For serious home cooks looking to invest in equipment, chefs recommended four key tools.
▪ Right-sized chef’s knife: The chef’s knife is the workhorse of the kitchen, said Kevin Schrimmer, instructor at the school of culinary arts at Kendall College in Chicago.
High-quality chef’s knives can replace a lot of gadgets, such as garlic presses, peelers and food processors, said Brian Frakes, executive chef of The Pfister Hotel in Milwaukee.
Deutsch suggests visiting a store that specializes in cutlery to try different sizes and styles and consider taking knife-skills classes.
“It’s really about what fits right in the hand, what’s comfortable,” he said. “Most people get serious about cooking and buy a 10-inch chef’s knife, and it’s ungainly because their hands are small,” he said.
According to Frake, trying to cut tomatoes with a crappy knife will make your life much more difficult than it needs to be. “The thing that changed my life, and I’ve had a lot of good knives, was my Michel Bras knife,” he says. “It stays sharp forever.”
▪ Knife sharpener: Eventually, all knives dull from use, making chopping a chore.
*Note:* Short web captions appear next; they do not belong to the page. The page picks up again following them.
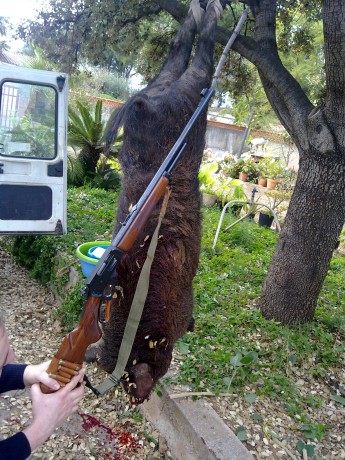 Bueno compañeros intentemos que esto sea un lugar en el que podamos mostrar nuestros Marlin 444 y compartir 11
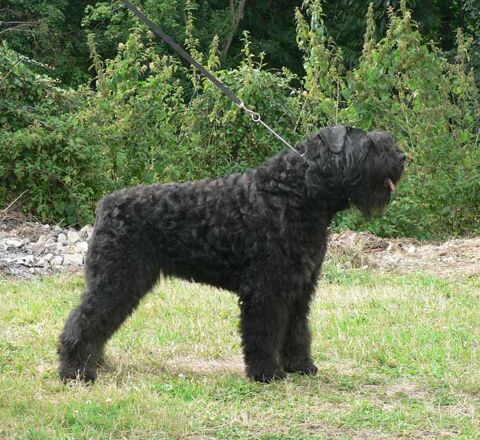Chiots Bouvier des Flandres 1000 16110 Saint-projet-saint-constant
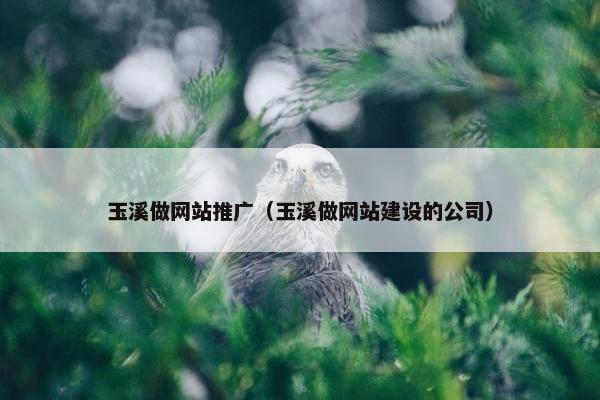 玉溪做网站推广（玉溪做网站建设的公司）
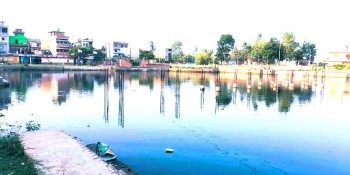 १५ करोड सकियो, पोखरीको हालत उस्तै ,,वीरगञ्जका पोखरीमा न सौन्दर्य, न स्वच्छता 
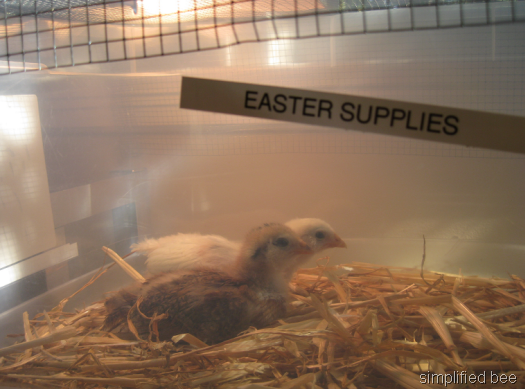[Easter-baby-chicks6.png]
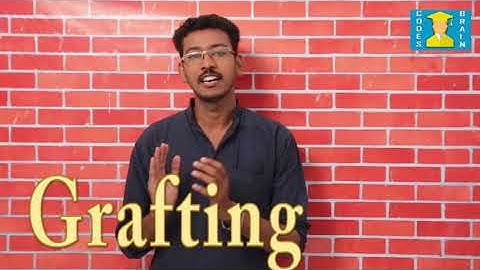 SCERT (Eng) Class 7 Basic Science Chapter 1 REAPING GOLD FROM SOIL" (Part: 1)by CODES BRAIN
Lisa McManus, executive tasting and testing editor at America’s Test Kitchen, said cooks usually put off taking their knives to be sharpened. Or, she adds, they get a fancy whetstone that they don’t really know how to use.
“Get a good simple manual sharpener that lets you touch up your knives in a few seconds and go back to cooking,” she says.
Her choice is the Chef’s Choice Pronto Manual Diamond Hone Asian Knife Sharpener.
▪ Stainless-steel or cast-iron cookware: Chefs raved about the heat retention and even cooking surfaces of stainless steel or cast-iron cookware. In the stainless steel category, every chef interviewed said cooks who can afford it should choose the All-Clad brand. Cast iron cookware — whether it’s premium pots by Staub or Le Creuset, or more budget-friendly companies like Lodge Manufacturing — is the alternate choice.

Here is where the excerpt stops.